Merujuk Peraturan Pemerintah (PP) Nomor 48 Tahun 2008 Pasal 52, satuan pendidikan menengah yang diselenggarakan pemerintah memang diperbolehkan memungut biaya pendidikan dari orang tua peserta didik, dengan syarat:
- Transparan,
- Proporsional,
- Tidak diskriminatif,
- Tidak membebani siswa dari keluarga kurang mampu.
Namun dalam implementasinya, banyak sekolah justru keliru dalam pengelolaan. Tak sedikit laporan masyarakat menyebut bahwa dana pungutan digunakan sebagai tambahan honor kepala sekolah atau guru ASN, yang seharusnya sudah mendapatkan tunjangan resmi dari negara seperti TPG (Tunjangan Profesi Guru), Tunjangan Kinerja, atau Dana BOS.
“Pungutan boleh, tapi tidak boleh digunakan untuk kesejahteraan pribadi guru atau kepala sekolah. Itu melanggar Permendikbud 75 Tahun 2016 dan prinsip anggaran pendidikan,” tegas A. Sambera, pengamat pendidikan NTT, Selasa (5/8/2025).
Larangan ini termuat jelas dalam Permendikbud Nomor 75 Tahun 2016 tentang Komite Sekolah, di mana:
- Komite sekolah dilarang menarik pungutan wajib,
- Dana sumbangan tidak boleh digunakan untuk kepentingan pribadi kepala sekolah/guru,
- Komite sekolah hanya boleh memfasilitasi sumbangan sukarela, bukan iuran rutin yang mengikat.
Sayangnya, banyak sekolah negeri, terutama di daerah, menggunakan celah “persetujuan komite” untuk membenarkan pungutan wajib, bahkan mengalokasikan dana itu untuk honor rutin tenaga pendidik. Praktik ini bukan hanya keliru, tetapi juga berpotensi masuk kategori pungutan liar (pungli) jika tidak melalui persetujuan tertulis dan audit resmi.
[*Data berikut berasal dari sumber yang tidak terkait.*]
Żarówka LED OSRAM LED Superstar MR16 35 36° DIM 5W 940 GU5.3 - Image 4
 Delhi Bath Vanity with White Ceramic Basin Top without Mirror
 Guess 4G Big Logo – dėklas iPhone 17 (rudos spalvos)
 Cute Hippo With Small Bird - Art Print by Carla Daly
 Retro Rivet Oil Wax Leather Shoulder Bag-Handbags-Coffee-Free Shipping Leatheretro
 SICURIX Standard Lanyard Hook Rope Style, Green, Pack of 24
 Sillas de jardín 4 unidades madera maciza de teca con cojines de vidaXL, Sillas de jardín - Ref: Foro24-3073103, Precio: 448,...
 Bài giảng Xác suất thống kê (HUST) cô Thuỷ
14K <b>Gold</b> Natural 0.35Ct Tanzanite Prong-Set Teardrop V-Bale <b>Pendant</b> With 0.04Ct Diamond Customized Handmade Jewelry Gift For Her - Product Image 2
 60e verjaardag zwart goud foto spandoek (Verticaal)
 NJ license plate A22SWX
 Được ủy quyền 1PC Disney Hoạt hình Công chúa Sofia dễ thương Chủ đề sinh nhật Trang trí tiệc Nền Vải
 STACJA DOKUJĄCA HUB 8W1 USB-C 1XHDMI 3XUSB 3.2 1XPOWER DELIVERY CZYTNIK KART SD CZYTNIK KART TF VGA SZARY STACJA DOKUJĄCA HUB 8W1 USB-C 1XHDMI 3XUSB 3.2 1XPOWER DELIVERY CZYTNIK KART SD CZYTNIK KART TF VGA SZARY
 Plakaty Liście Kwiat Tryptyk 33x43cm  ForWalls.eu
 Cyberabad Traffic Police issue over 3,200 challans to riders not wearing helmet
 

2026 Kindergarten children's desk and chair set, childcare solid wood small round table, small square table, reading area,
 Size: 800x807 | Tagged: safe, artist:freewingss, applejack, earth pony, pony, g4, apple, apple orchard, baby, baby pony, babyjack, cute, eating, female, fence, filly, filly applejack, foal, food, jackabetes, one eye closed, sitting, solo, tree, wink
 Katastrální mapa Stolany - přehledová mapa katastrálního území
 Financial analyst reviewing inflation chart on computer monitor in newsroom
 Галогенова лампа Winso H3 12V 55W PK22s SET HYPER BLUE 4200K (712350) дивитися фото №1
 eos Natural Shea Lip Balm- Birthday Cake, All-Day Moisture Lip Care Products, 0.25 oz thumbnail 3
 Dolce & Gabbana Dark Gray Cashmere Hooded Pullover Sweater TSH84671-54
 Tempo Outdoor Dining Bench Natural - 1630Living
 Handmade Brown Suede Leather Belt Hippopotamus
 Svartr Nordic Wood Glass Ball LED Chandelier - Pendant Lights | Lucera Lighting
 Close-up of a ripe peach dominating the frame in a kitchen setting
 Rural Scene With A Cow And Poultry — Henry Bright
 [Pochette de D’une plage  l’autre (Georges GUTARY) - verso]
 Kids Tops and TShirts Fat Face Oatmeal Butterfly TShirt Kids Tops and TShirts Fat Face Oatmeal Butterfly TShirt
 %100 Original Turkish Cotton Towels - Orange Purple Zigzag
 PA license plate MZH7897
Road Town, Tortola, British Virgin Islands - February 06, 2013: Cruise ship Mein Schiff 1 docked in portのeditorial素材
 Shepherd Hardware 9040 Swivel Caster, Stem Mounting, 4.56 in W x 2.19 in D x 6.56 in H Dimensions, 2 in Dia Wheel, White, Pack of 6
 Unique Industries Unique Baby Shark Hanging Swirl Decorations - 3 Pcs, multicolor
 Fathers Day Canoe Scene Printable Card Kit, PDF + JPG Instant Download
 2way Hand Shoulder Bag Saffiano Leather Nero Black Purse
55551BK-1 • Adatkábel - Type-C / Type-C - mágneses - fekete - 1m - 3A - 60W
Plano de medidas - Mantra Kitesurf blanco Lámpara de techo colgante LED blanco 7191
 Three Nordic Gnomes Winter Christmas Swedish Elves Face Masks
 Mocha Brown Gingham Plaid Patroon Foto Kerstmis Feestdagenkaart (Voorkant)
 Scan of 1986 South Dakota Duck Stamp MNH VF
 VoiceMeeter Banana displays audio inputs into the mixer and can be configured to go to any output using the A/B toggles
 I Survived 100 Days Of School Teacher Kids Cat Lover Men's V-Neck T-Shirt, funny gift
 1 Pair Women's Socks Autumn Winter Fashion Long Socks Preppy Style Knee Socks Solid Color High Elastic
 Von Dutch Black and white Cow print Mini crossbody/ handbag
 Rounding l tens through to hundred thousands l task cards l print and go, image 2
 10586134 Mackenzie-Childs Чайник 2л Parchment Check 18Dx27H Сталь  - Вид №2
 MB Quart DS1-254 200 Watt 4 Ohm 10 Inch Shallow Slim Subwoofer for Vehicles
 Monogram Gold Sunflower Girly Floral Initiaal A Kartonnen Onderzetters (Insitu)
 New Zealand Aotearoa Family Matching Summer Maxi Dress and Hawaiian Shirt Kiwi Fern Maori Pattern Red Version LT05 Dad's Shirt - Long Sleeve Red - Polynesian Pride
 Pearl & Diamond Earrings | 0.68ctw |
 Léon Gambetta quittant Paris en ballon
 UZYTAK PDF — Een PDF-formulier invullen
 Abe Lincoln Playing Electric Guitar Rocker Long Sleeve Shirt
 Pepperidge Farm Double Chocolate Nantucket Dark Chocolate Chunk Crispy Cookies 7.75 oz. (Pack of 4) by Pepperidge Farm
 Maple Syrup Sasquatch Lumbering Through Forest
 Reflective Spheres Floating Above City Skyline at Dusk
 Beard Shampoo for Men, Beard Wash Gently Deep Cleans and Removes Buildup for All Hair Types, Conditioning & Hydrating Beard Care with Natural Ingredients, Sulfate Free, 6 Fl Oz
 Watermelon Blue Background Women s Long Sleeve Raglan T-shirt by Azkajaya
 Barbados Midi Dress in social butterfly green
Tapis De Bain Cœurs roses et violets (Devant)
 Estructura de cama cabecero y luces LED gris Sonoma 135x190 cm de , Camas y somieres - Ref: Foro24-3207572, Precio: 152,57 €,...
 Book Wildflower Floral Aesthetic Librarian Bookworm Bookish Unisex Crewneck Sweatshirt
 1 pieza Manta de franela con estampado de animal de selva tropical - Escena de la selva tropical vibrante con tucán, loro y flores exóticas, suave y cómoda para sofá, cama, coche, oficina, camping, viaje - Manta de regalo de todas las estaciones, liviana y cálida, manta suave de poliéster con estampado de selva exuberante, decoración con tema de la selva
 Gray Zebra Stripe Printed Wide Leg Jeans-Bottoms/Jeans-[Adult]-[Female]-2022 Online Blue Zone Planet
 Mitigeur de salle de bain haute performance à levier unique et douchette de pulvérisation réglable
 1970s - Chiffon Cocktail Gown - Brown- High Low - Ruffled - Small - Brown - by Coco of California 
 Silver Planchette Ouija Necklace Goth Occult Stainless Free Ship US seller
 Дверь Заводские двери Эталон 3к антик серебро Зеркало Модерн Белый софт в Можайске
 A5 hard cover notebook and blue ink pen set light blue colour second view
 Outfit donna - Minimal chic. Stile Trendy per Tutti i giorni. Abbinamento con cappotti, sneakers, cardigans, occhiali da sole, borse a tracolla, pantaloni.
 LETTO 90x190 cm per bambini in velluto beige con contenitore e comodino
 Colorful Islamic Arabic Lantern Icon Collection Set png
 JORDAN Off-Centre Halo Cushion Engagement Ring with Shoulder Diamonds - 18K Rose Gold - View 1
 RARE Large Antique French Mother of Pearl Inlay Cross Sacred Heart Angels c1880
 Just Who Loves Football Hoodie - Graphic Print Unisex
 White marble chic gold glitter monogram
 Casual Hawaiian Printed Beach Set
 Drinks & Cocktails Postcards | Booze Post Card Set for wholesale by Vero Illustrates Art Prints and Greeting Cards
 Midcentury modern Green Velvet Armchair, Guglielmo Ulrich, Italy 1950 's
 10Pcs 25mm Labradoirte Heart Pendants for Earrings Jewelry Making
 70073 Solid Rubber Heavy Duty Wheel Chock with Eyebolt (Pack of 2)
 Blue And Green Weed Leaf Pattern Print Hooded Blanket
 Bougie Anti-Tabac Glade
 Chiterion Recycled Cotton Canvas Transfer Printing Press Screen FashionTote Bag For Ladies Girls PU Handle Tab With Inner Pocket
“Kami tidak keberatan bantu sekolah. Tapi jangan bebani kami dengan iuran wajib setiap bulan, apalagi kalau uang itu untuk honor pejabat sekolah. Itu tidak adil,” ujar Yohana, wali murid SMA Negeri di Kota Kupang.
ASN Sudah Digaji Negara, Tidak Boleh Ambil dari Pungutan
Pakar hukum pendidikan menyatakan, guru ASN dan kepala sekolah negeri dilarang menerima tunjangan dari pungutan peserta didik, kecuali jika:
- Bersumber dari program resmi seperti BOS,
- Tercantum dalam RKAS yang disetujui Dinas Pendidikan,
- Berasal dari kegiatan tambahan di luar jam pelajaran reguler (misalnya ekstrakurikuler).
Jika melanggar, ASN tersebut bisa dikenai:
- Sanksi administrasi oleh Inspektorat atau BKD,
- Temuan BPK,
- Dilaporkan ke Ombudsman atau bahkan Kejaksaan.
Masyarakat diharapkan lebih kritis terhadap praktik keuangan di sekolah, terutama yang melibatkan pungutan atau sumbangan. Pungutan boleh, tapi bukan untuk menambah gaji ASN. Dan komite sekolah bukan lembaga penagih iuran, melainkan pengawas partisipatif demi mutu pendidikan.